とはいえ、隣に座るだけで何をするでもなく。テレビはつけたままに、お互い本を読んだりスマホを触ったりするだけの時間だ。

かつての私がそうだったように、今のパートナーは夜更かしして何かをなすのではなく、ただなんでもないコンテンツを消費する時間が必要なのなと思う。
仕事が混み合ってきて、終電帰りばかりになると、自分の時間というものは本当にない。大概朝は飛び起きて走り出て行くことになり、ご飯の時間さえおざなりになる。

そして本当の自由時間はトイレタイムと電車移動の時間くらいになってくる。
楽しみは電車移動だが、そんな生活が1〜2週間くらい続くと、車内でスマホを見る元気すらなくなる。音楽を聞く元気ももちろんない。ぼーっとする時間になる。
その分、家に帰ると睡眠時間を削りスマホでだらだらリール動画なんか流し見したりしたくなる。
これはパートナーとの会話では埋められない何かだと思う。

話が随分逸れたが、いろいろしんどいとなおさら週末の夜は素晴らしい。

そんな最高にだらっとした時間を過ごしていると、不意にテレビが無音になった。
週末の深夜といえば、色々とバラエティが続いていたはずだ。
いつもと違い無音を流すテレビを見てみると、香港映画の賞とタイトルが表示され、淡々と映画の上映が始まった。
部屋の前に落ちた死体をマンションの住人はどうするかのブラックコメディ。

タイトルからの印象に対し、かなりポップなテンションでものごとが進んでいく話だった。
深夜の変な時間に急に始まったが、なんやかんや最後まで見て、後味も良い。

▶︎昨年度第18回大阪アジアン映画祭
ABCテレビ賞受賞「四十四にして死屍死す」

香港映画を見たのは2度目である。
そのときの心地よさもあり、なんとなく見始めてしまったというのもある。

初めて見た香港映画は、大阪梅田のミニシアターだった。付き合って間もない頃の仕事帰りのデートで、急に降りだした雨の中、小さな傘で2人で走った。
▶︎恋する惑星
両親が青春時代くらいの映画だった。
2つのストーリーがつながって、1つのタイトルになっている。

一つ目は逃げる女と出会う悲しみのイケメンの話。
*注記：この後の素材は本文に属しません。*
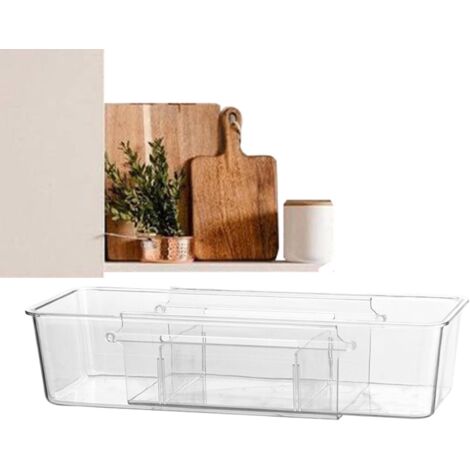 Plateaux de rangement pour tiroir cuisine – Ensemble d'organiseurs rétractables transparents Séparateurs bureau en acrylique Bac Claire - (1/5)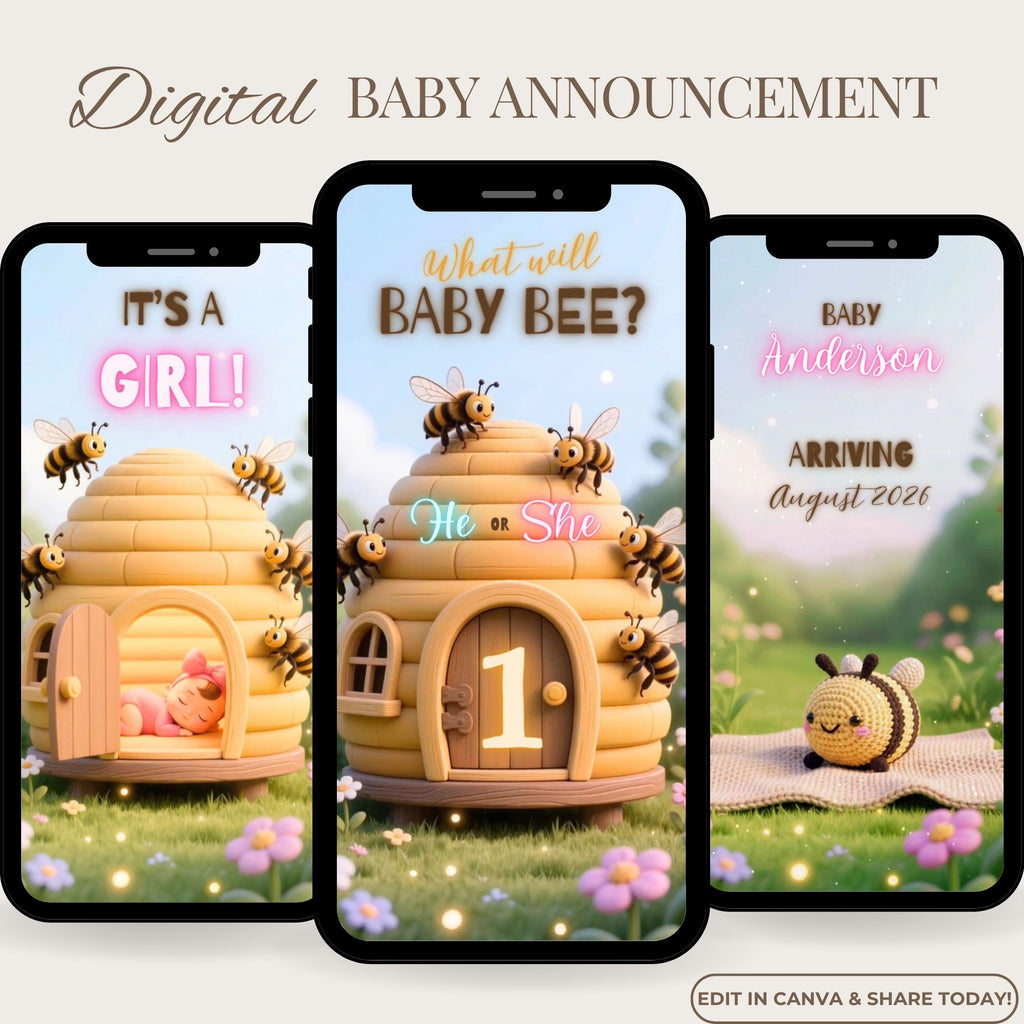 Three-phone mockup featuring the Sweet as Can Bee editable Canva gender reveal video invitation for a baby girl.
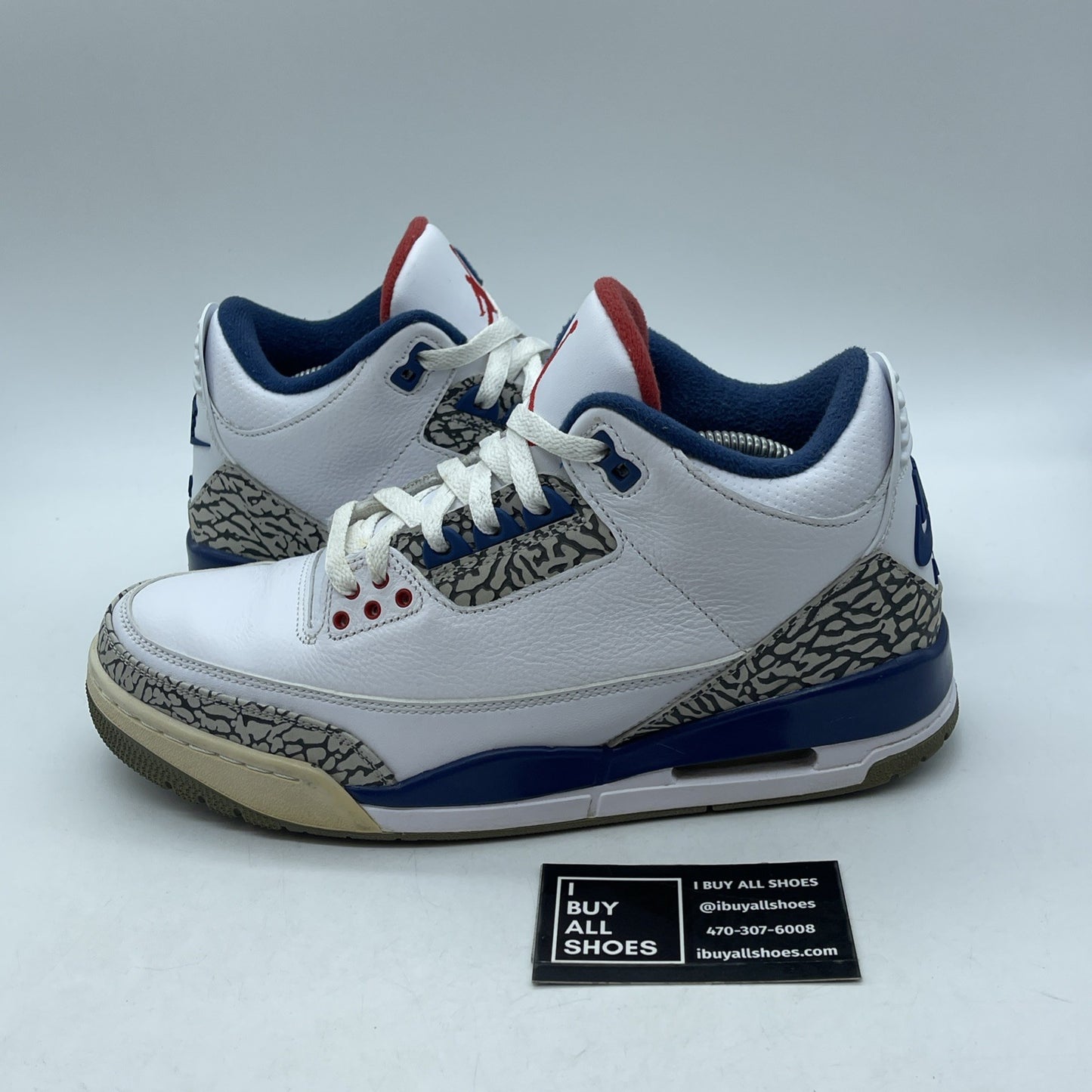 Size 9.5 - Jordan 3 Retro OG Mid True Blue Grey White Suede Leather (854262-106)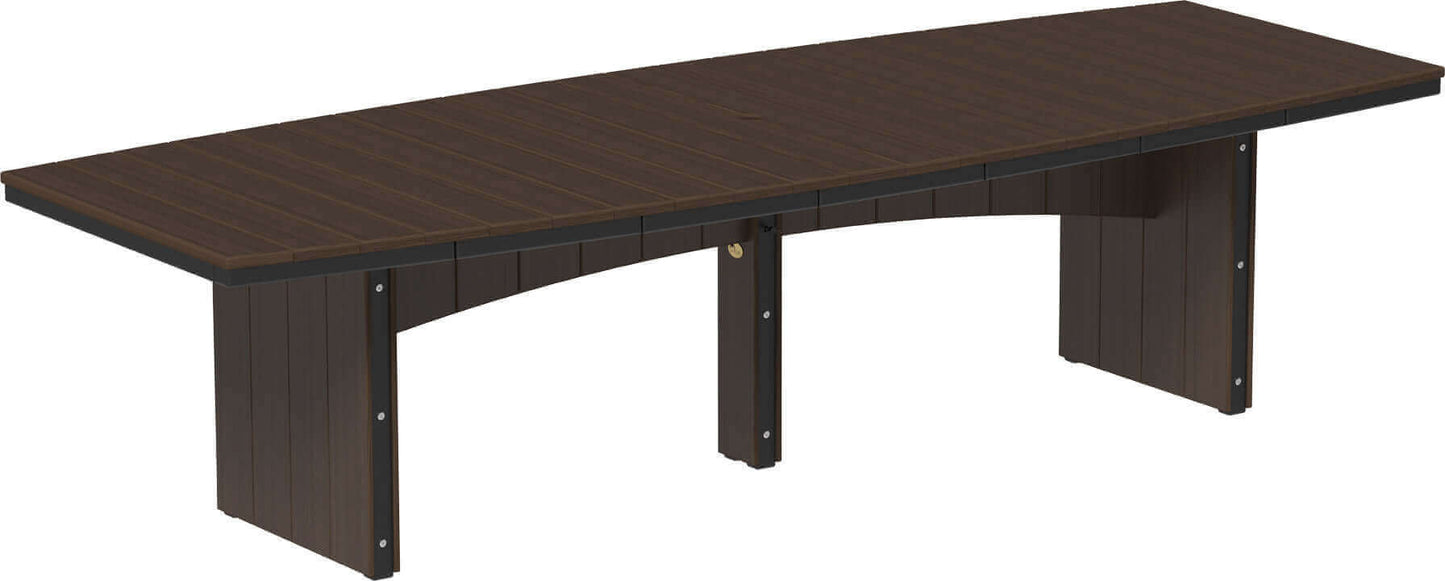 4' x 10' oval outdoor dining table that comfortably seats 10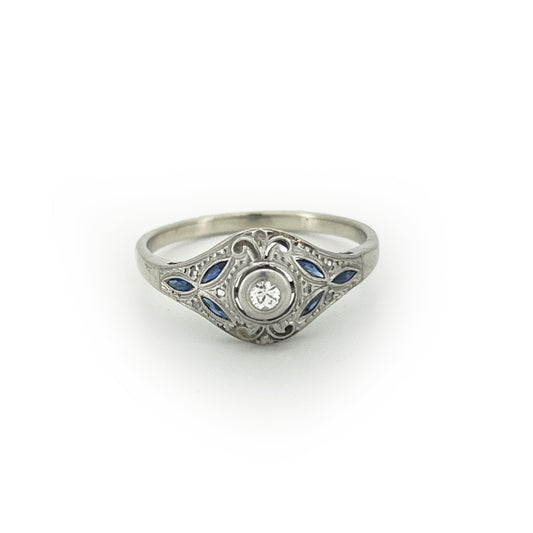 Antique Art Deco Diamond + Sapphire + 18k White Gold Ring - Sz.8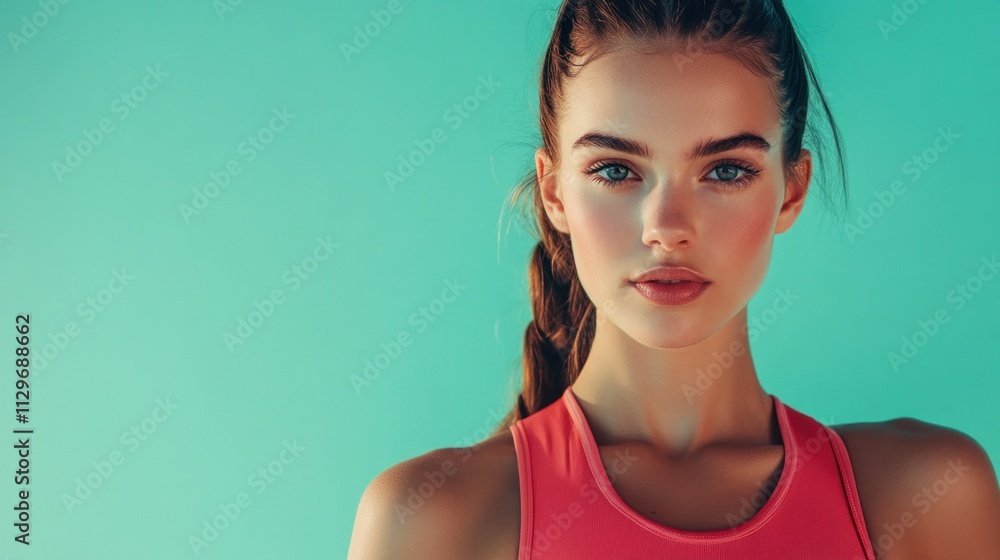 Beautiful fitness woman on mint green background Beautiful fitness woman on mint green background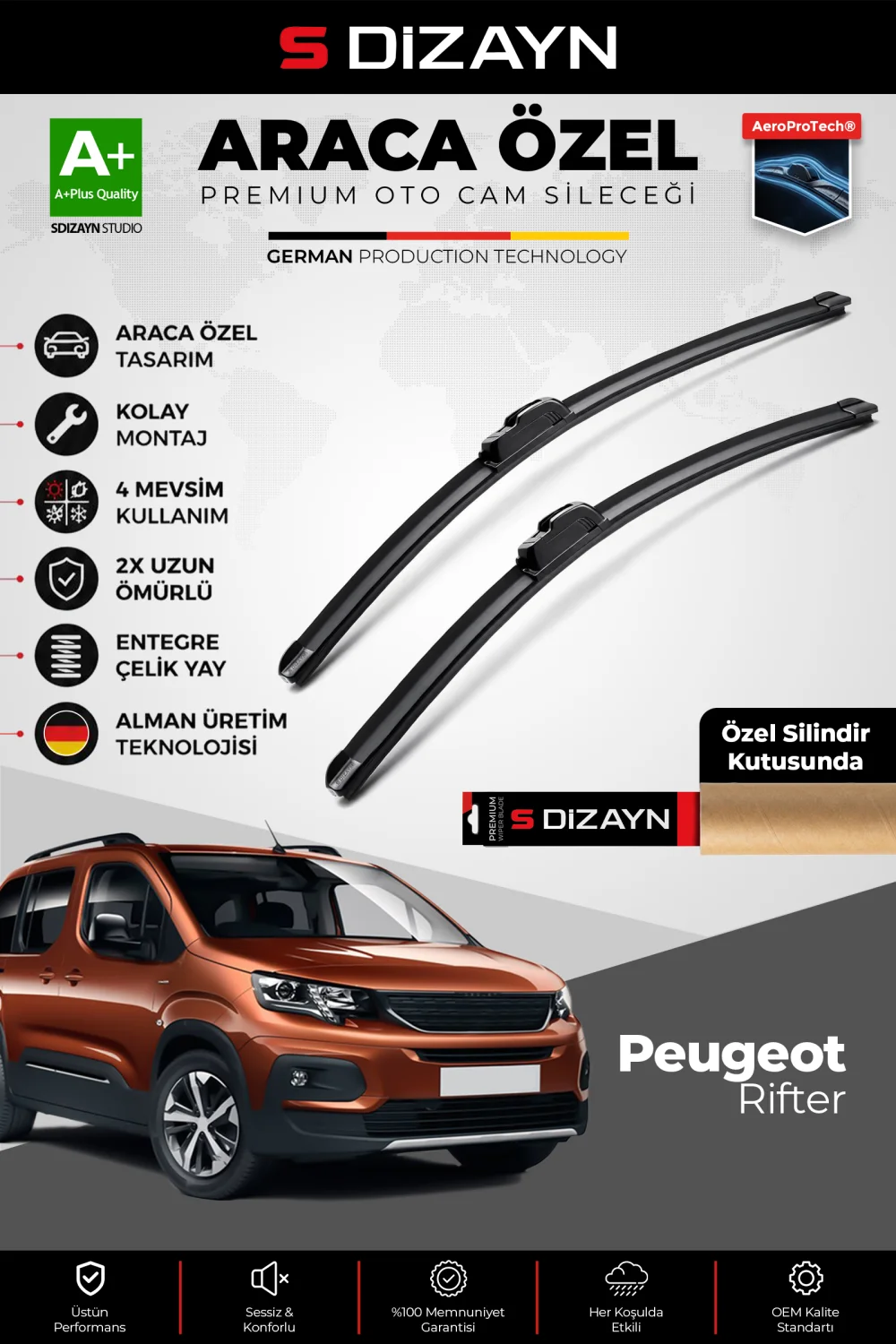Drs Tuning Peugeot Rifter Ön Cam Silecek Seti 2019 Üzeri Premium Araca Özel 65-43 Cm  A+ Kalite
かなりざっくりとした記憶なので間違いかもしれない。印象に残っているのは金城武。作中悲しみにくれあらゆる女の子に電話をかけてとにかく誰でもいいから会おうとするシーンがある。聞き慣れない言葉が多い中、不意にストンと日本語でも口説き始めたので、急に生みな感じがして驚いたのだ。そして何よりかっこいい。

二つ目はベリーショートの女の子がかわいい。激しい片思いの話。普通に考えると恐ろしい愛の向き方だが、彼女の可愛さと無邪気さがそれをまっすぐに見せる。作中の印象的な音楽が、その景色と一緒に思い出される。妹の恋愛を応援するようなハラハラ感ともどかしさ。そして終わり方の気持ちよさが心地良い。

異国だが、景色に湿度があって、近いような遠いような不思議な感じがするのが、香港映画の魅力の一つだと思う。

梅田のミニシアターは閉まってしまったらしい。あの小さなシアターで、雨に降られてしっとりしたままみた、湿度のある香港映画はそのシアターの記憶そのものになってしまった。

あの日の続きみたいに、今後も香港映画を思い出したようにみる気がする。異国の湿度を求めて。